In the second instance, a bullish trend is shown. Here, the +DI is seen crossing over –DI line, depicting a bullish trend in the market.
These crossovers can be viewed in the same light as you would a dual moving average crossover signal. Note that in the above examples, the ADX line has been hidden, to depict only the DI crossovers.
In the next example shown below in figure 4, we can see that the ADX line can be used to determine the trend strength.
Here, the DI lines are hidden so we can focus our attention on the ADX line.
Figure 4: ADX Line to determine the trend strength
In the above chart example, we have identified important price levels marked by the horizontal lines. When price breaks below the appropriate support level, you can see that the strong bearish trend is validated by the rising ADX line.
In the next example to the right side, you can see how the resistance level was broken, which was validated by the rising ADX line above the 20 to 25 level.
Thus, the ADX can be used alongside a price action based method of analysis and trades can be initiated accordingly.

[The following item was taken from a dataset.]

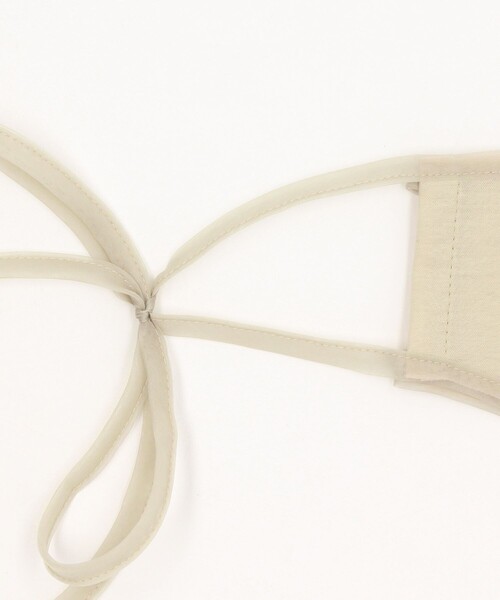 FREAK'S STORE（フリークスストア）の「Casselini/キャセリーニ シアーマスク（マスク・レディース・ブラック/ベージュ/ブラウン/ナチュラル・ONE SIZE）」の12枚目の写真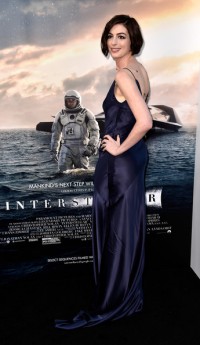 Anne Hathaway Fotoğrafı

How to Build an ADX Trading System
Understanding the intricacies of the ADX indicator and its functions is essential to building an ADX based trading system. Many times, traders use redundant indicators that in turn provides a false sense of confirmation. For example, using two or more oscillators like the RSI, Williams %R, or Stochastics doesn’t provide much value, as each of these indicators are essentially measuring the same thing.

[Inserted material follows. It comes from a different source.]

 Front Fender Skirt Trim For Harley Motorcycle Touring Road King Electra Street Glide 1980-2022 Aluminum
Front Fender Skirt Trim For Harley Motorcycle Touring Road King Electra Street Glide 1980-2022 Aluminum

All these indicators more or less measure the momentum in price. Therefore, it is crucial to incorporate non redundant, non correlated technical tools into your trading approach for confirmation purposes.
There are many approaches to trading with the ADX indicator. Sometimes, you might want to make use of all three components, but other times, you may just use the ADX line to determine the trend strength and combine that with other methods to confirm trend direction.
Let’s take a look at some of the ways you can use the ADX study to develop a sound trading strategy.
We will look at combining the ADX indicator with a dual moving average crossover. In this trading approach, you would rely on the moving average signals for trend direction and the ADX line as a filter to initiate trades only when the trend is strong.
In figure 5, you will see the ADX line in the sub-window and the dual moving averages plotted on the price chart.
Figure 5: ADX line with dual moving averages
In the first instance, marked by 1, we can see that the trend has become bearish with the short-term moving average crossing below the long-term moving average.
You can see that the ADX line previously dipped below 20 and then started to rise to cross above the 20 – 25 level. This suggests that the ADX line is indicating a trending market condition. Looking at the recent highest low that was breached and the evidence for a new bearish trend, as suggested by the dual moving average crossover and ADX combination, we can confidently take a short position in the market.
In the second instance, marked by 2, we can see that the trend becomes bullish when the moving average crossover occurs to the upside. Similar to the first instance, the previous recent lowest high is breached just when the moving averages aligned to show a transition to a bullish market state. Here, the ADX line was already sloping up after falling to 20 – 25, indicating that the market is in a state of trendiness. Thus, the weight of evidence shows that a long position would be a favorable trade to take in this situation.
The ADX indicator can be used for both day trading, swing trading, and longer term position trading. However, the integrity of trends is always more reliable on higher timeframes, typically hourly and above at the bare minimum. Regardless, the average directional index indicator is a highly useful indicator that combines both trend direction and trend strength and should be considered by traders as an addition to their trading toolbox.